Allerdings kündige ich persönlich einen Vertrag, den ich nie abgeschlossen habe, höchstens "hilfsweise", wenn es meine einzige Chance ist, mich vor weiteren unberechtigten Abbuchungen zu schützen. Einen nicht abgeschlossenen Vertrag kann ich nicht kündigen.

s.a.
http://www.vzhh.de/telekommunikation/120764/raetselhafte-posten-auf-der-handyrechnung.aspx


> Kündigen Sie den behaupteten Abovertrag hilfsweise, damit der Anbieter wenigstens für die Zukunft nicht mehr behauptet, dass ein Abo existiert.



PPS:


haudraufundschluss schrieb:


> Es wird offensichtlich noch danach gesucht. Insofern finde ich die Diskussion unangemessen und vor allem den Ton nicht passend.


Richtig.


----------



## Aka-Aka (22 Mai 2011)

*AW: Blinko Games*

weitere konkrete Fragen werden hier weiterhin beantwortet, wenn auch nicht mehr so oft von mir 

Schwachsinnig? _mag sein..._


----------



## GiKa (29 Februar 2012)

Unregistriert schrieb:


> Hallo wie kann man blinko Games abbo stoppen ? kann da jemand helfen ?
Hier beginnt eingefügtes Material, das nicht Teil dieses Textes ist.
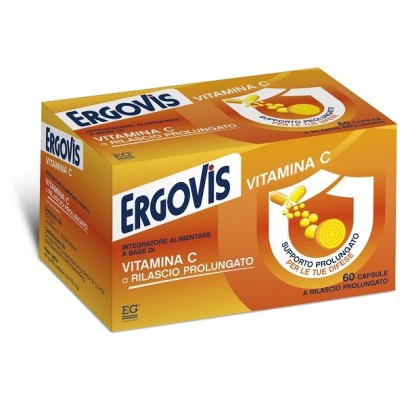 ERGOVIS VITAMINA C 60CPS ERGOVIS VITAMINA C 60CPS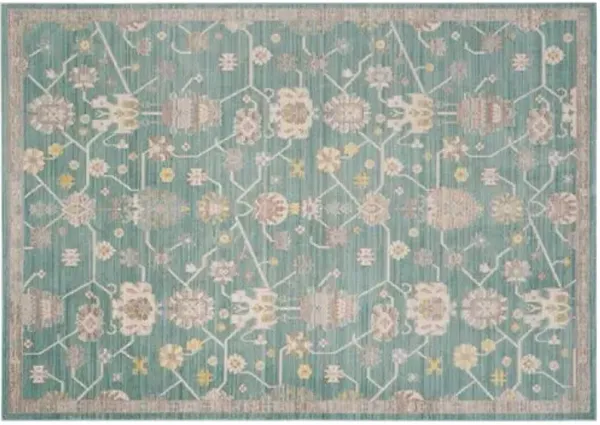 Yasa Rug - Steel Blue - Blue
Ich bin denen auch auf den Leim gegangen und weiß noch nicht einmal wie?! Der einzigste Rat den ich bis jetzt rausgefunden hab geben zu können ist mit dem Handy Anbieter in Verbindung setzen und eine neue Nummer versuchen zu bekommen. Wir haben per Handy abgemeldet, per Mail abgemeldet, ich hab eine Kündigungsbestätigung per SMS bekommen und bekomme weiter Täglich bis zu 4 Anrufe, an die ich natürlich nicht rangehe. Die neue Handy Nummer könnte bewirken das Ihr Handy Konto nicht mehr belastet wird. 15€ sind kein Pappenstiel.GiKa


----------



## Reducal (1 März 2012)

Also ich vermute mal, dass die Anrufe nichts mit BlinkoGames zu tun haben. Das Abo meldet man lediglich (womöglich auf abenteuerliche Weise) an und dann wird bis zur Kündigung gebucht. Es wäre mir neu, wenn die Buongiorno Kunden hinterher telefoniert - macht auch wenig Sinn! Wie man den Dienst deaktivieren kann, steht hier: http://blinkogold.de/de_bg_web/site/pages/contact.bsp?510576099:site=de_bg_sh_web


----------